水道GLPとは、水道水質検査優良試験所規範(Good Laboratory Practice : GLP)の略称であり、水質検査結果の精度と信頼性を確保するための認定制度です。これは、国際規格であるISO9001とISO/IEC17025の一部を基に、水道水質検査に特化させた規格です。
水道水
水道により供給される水は、水質基準に関する省令(平成15年5月30日厚生労働省令第101号)により、その基準が定められています。
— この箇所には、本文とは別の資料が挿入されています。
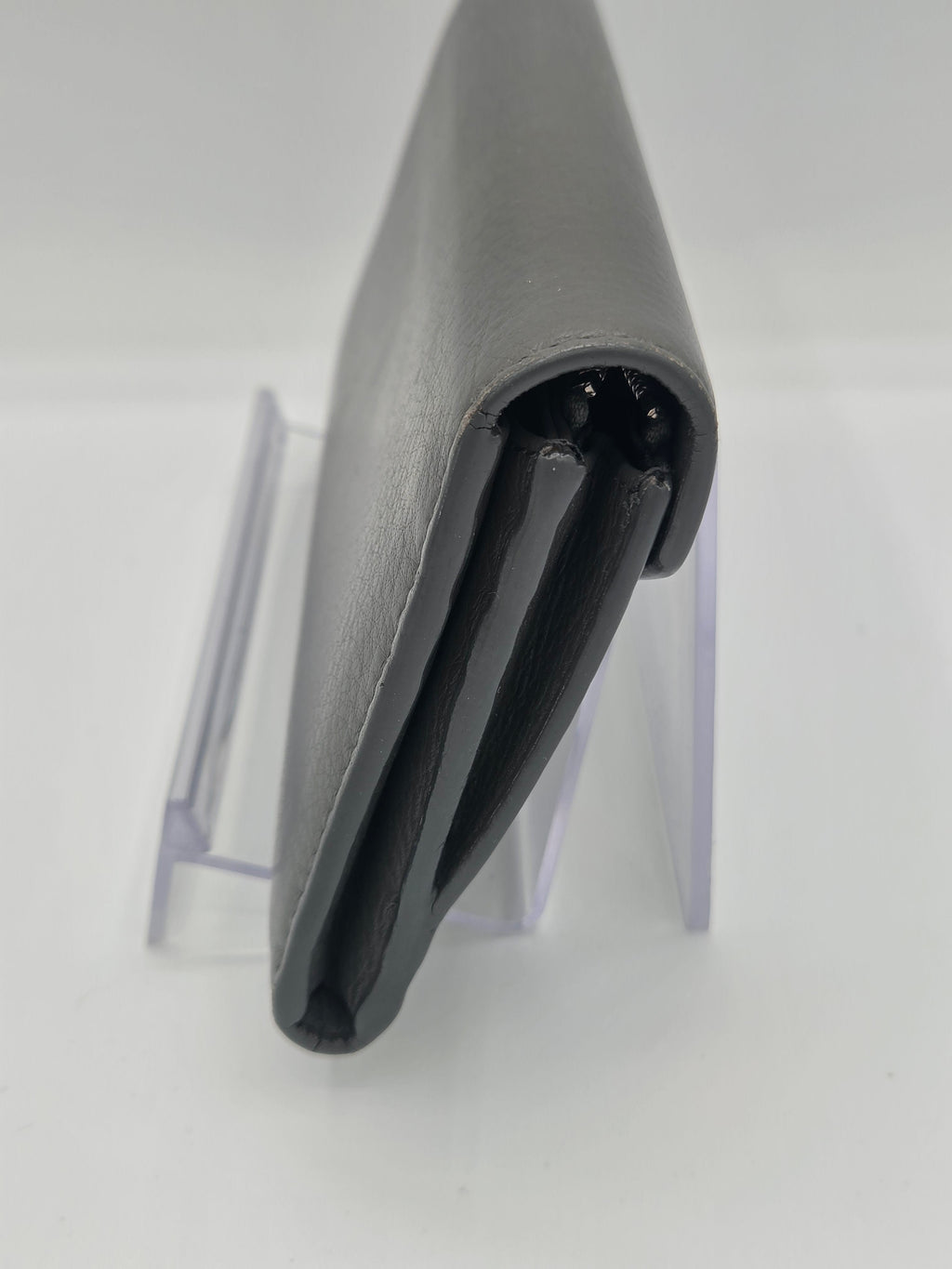 A close-up of a gray leather or faux-leather accessory, possibly a sleeve or cover, shown from the side with a black interior lining and a clear acrylic display stand against a white background.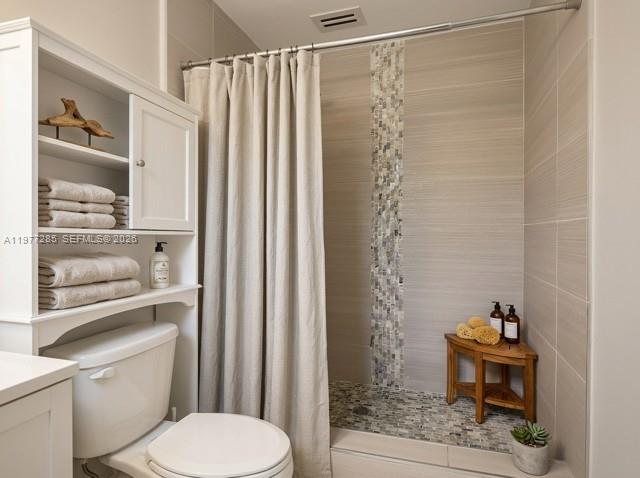 A bathroom features a toilet, storage shelving, a shower with a curtain, and tile finishes — 1500 NE 137th St, North Miami FL 33161, NORTH MIAMI, FL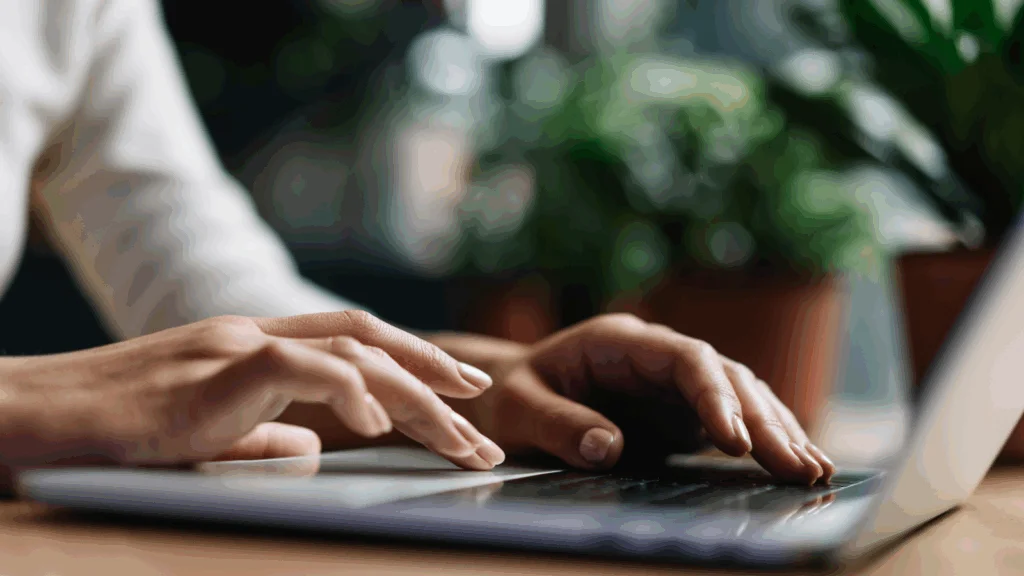 A person focused on typing on a laptop computer, with hands positioned on the keyboard.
水道水は、水質基準に適合するものでなければならず、水道法により、水道事業体等に検査の義務が課されています。水質基準以外にも、水質管理上留意すべき項目を水質管理目標設定項目、毒性評価が定まらない物質や、水道水中での検出実態が明らかでない項目を要検討項目と位置づけ、必要な情報・知見の収集に努めています。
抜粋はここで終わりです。